As part of the loading process, the kernel supplies an AT_PHDR
value to userspace, which is meant to contain the virtual address of the main executable's program headers. The e_phoff
field of the ELF header contains the file offset of the main executable's program headers, which the kernel needs to translate into a virtual address.
As a reminder, there are three relevant address spaces in ELF files:
- File offsets (e.g.
e_phoff
in ELF header,p_offset
in program headers). - Ideal virtual adresses (e.g.
e_entry
in ELF header,p_vaddr
in program headers). - Actual virtual addresses.
The mapping between (1) and (2) is potentially non-linear; the PT_LOAD
program headers can set up an arbitrarily complex mapping if so desired.
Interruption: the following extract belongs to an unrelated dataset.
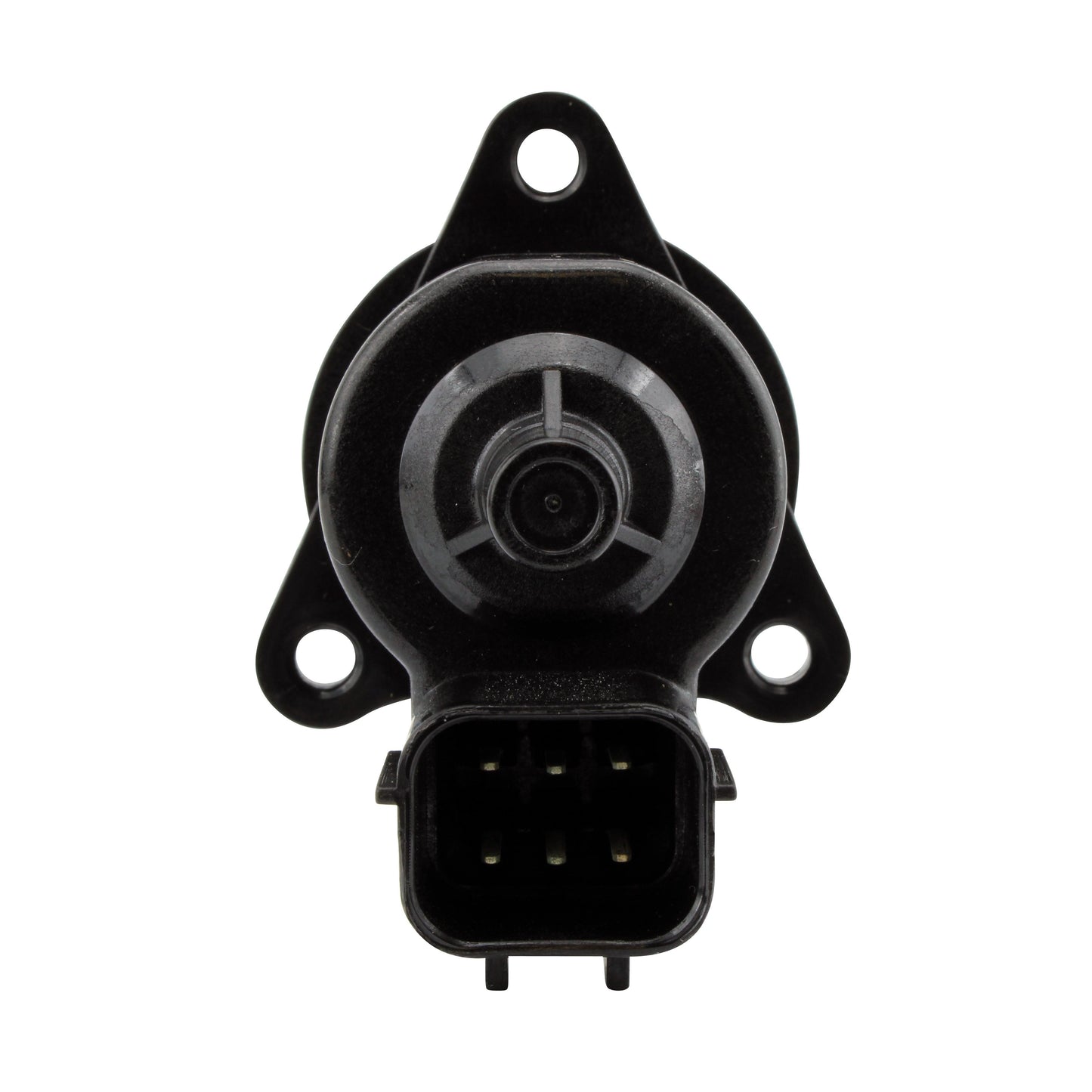 Black Polaris Idle Air Control (IAC) valve with electrical connector and mounting holes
In contrast, the mapping between (2) and (3) is very simple, and consists of a single offset value (randomly) chosen by the kernel at load-time.
To translate e_phoff
from (1) to (2), the correct approach is to find the particular PT_LOAD
header whose p_offset
/ p_filesz
range covers e_phoff
, and then compute e_phoff + p_vaddr - p_offset
using that PT_LOAD
header. Unfortunately, before kernel commit 0da1d50027 in March 2022 (released in 5.17.2, backported to 5.16.19 / 5.15.33 / 5.10.110), the kernel took the first PT_LOAD
header and used that for doing e_phoff + p_vaddr - p_offset
. This bug is benign if the first PT_LOAD
header has a p_offset
/ p_filesz
range which covers e_phoff
, and this happens to be the case for most ELF files produced by most compilers. This bug is also benign if p_vaddr - p_offset
as computed for the first PT_LOAD
equals p_vaddr - p_offset
as for the PT_LOAD
whose file range covers e_phoff
.
In cases where the bug isn't benign, its consequences are bad: an incorrect AT_PHDR
value will cause the dynamic linker to either segfault or fail to properly perform dynamic linking of the target executable (which in turn will likely cause a segfault fairly quickly).
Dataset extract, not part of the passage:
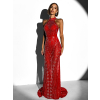 Červené dlouhé třpytivé večerní šaty FARMER s kamínky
In cases where polyfill-glibc needs to change e_phoff
, this bug presents a problem. It can't re-order PT_LOAD
commands to put the PT_LOAD
covering e_phoff
at the start of the list, as PT_LOAD
commands need to be in ascending p_vaddr
order (per the ELF specification, "Loadable segment entries in the program header table appear in ascending order, sorted on the p_vaddr member", and most loaders rely on this). If the first PT_LOAD
command specified a non-zero p_vaddr
, then polyfill-glibc could carve out some new virtual address space before the first PT_LOAD
command. Unfortunately, it is common for dynamic libraries and position-independent executables to have p_vaddr
of their first PT_LOAD
be equal to zero, which leaves no space before it. Instead, polyfill-glibc will insert a new PT_LOAD
at the start of the list, with p_vaddr
equal to whatever was previously first (to maintain the sorted order), p_filesz
equal to zero (so that p_offset
is not used for anything ‡), and p_offset
set such that p_vaddr - p_offset
of this new PT_LOAD
equals p_vaddr - p_offset
of the PT_LOAD
covering the program headers.
(‡) Except that glibc's dynamic loader always passes p_offset
of the first PT_LOAD
as the offset value to mmap
when establishing the base address of dynamic libraries and position-independent executables, even if p_filesz
of that PT_LOAD
is zero. Accordingly, polyfill-glibc needs to keep the p_offset
value within the range of allowable values for an mmap
offset.
A similar bug exists in ldconfig
in glibc versions prior to 2.31 (released February 2020), albeit translating d_un.d_val
of DT_STRTAB
from address space (2) to address space (1), rather than translating e_phoff
from address space (1) to address space (2), but the summary is the same: it uses p_vaddr - p_offset
of the first PT_LOAD
rather than using p_vaddr - p_offset
of the PT_LOAD
covering DT_STRTAB
. To work around this, if polyfill-glibc needs to move either the program headers or the dynamic string table, then it'll move both, ensuring that the same new PT_LOAD
command covers both, and then the workaround for the kernel also fixes things for ldconfig
.